» Work task:
A line below contains "Suite | Property grounds", and a later one contains "Photo of property". Repeat both, with every line between them, exactly.
- Opening Delimiter -
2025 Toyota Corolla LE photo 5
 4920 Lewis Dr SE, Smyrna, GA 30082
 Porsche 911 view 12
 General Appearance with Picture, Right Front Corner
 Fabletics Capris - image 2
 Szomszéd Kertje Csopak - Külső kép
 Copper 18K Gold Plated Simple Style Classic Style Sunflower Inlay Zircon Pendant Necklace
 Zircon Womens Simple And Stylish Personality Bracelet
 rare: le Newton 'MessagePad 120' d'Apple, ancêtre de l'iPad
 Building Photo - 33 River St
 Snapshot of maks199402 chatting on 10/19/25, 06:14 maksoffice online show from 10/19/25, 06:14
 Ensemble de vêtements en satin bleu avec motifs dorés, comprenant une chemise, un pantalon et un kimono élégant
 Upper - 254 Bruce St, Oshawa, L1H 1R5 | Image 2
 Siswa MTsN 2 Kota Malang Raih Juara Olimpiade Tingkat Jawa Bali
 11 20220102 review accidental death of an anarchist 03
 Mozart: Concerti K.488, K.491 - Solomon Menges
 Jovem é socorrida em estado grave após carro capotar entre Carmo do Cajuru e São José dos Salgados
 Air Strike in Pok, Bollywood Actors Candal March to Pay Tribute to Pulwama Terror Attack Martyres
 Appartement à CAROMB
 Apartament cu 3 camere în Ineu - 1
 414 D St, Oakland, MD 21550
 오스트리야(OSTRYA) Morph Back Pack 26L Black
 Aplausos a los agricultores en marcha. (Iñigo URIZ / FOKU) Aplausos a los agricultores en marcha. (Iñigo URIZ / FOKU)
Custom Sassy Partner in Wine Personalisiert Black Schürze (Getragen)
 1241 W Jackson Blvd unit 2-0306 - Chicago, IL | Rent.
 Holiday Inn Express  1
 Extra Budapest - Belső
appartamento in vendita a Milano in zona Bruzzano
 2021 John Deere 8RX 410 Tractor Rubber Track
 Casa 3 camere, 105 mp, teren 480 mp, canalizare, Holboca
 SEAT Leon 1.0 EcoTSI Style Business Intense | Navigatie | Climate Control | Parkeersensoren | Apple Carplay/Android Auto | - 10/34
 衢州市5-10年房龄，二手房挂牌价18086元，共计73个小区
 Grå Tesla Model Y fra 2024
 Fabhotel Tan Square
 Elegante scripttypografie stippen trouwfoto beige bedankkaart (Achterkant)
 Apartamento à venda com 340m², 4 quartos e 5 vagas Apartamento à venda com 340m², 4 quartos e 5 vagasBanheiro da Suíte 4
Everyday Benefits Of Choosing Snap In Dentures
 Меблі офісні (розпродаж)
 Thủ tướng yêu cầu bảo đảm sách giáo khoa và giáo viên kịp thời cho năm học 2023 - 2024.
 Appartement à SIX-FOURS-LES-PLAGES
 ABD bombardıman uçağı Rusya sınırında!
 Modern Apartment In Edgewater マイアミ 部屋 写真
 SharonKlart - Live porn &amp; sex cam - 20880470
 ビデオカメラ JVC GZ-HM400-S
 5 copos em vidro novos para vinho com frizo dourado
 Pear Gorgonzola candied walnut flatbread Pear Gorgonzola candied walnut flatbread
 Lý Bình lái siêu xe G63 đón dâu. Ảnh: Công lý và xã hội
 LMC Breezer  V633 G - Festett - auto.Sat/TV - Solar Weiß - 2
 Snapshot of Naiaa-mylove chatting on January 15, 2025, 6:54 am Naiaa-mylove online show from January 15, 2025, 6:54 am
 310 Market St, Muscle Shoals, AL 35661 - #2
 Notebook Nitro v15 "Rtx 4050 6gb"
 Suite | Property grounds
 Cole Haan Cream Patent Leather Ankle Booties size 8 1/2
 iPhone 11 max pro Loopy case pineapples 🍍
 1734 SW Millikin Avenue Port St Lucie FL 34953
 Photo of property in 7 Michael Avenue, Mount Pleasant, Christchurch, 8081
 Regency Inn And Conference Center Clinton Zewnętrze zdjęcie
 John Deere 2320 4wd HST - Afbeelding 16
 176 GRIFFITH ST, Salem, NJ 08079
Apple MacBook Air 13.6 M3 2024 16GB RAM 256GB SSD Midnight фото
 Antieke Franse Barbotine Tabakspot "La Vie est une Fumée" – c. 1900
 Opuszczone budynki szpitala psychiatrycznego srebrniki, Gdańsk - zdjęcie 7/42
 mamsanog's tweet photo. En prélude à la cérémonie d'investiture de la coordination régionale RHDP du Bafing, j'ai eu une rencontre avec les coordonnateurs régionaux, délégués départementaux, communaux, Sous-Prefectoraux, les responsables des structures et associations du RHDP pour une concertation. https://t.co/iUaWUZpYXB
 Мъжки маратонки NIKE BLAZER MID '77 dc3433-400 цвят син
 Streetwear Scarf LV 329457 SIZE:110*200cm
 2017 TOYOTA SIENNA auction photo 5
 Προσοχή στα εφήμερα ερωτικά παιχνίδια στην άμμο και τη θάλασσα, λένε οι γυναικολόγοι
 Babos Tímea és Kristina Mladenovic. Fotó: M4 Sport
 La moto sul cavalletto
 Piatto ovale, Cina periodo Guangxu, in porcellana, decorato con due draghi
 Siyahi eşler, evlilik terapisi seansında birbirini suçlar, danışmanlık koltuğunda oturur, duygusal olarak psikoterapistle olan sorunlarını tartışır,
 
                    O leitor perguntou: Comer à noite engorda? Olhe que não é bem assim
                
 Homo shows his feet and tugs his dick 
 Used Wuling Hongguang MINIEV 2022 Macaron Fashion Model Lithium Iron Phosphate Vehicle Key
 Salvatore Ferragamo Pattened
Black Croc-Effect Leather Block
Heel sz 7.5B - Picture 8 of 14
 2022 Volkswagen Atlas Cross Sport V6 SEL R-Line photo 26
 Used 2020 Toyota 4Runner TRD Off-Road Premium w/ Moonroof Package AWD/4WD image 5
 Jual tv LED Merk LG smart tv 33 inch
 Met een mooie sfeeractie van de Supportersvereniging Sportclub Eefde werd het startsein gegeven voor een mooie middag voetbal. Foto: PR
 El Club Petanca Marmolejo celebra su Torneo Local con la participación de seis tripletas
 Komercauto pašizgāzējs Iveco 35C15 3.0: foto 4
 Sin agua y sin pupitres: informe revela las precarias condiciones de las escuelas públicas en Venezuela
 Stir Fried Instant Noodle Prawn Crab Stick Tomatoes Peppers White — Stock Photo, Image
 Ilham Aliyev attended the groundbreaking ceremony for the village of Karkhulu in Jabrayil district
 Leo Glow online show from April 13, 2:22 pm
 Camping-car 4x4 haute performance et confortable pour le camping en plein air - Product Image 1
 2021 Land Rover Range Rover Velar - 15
- Closing Delimiter -
» Answer space:
 Suite | Property grounds
 Cole Haan Cream Patent Leather Ankle Booties size 8 1/2
 iPhone 11 max pro Loopy case pineapples 🍍
 1734 SW Millikin Avenue Port St Lucie FL 34953
 Photo of property in 7 Michael Avenue, Mount Pleasant, Christchurch, 8081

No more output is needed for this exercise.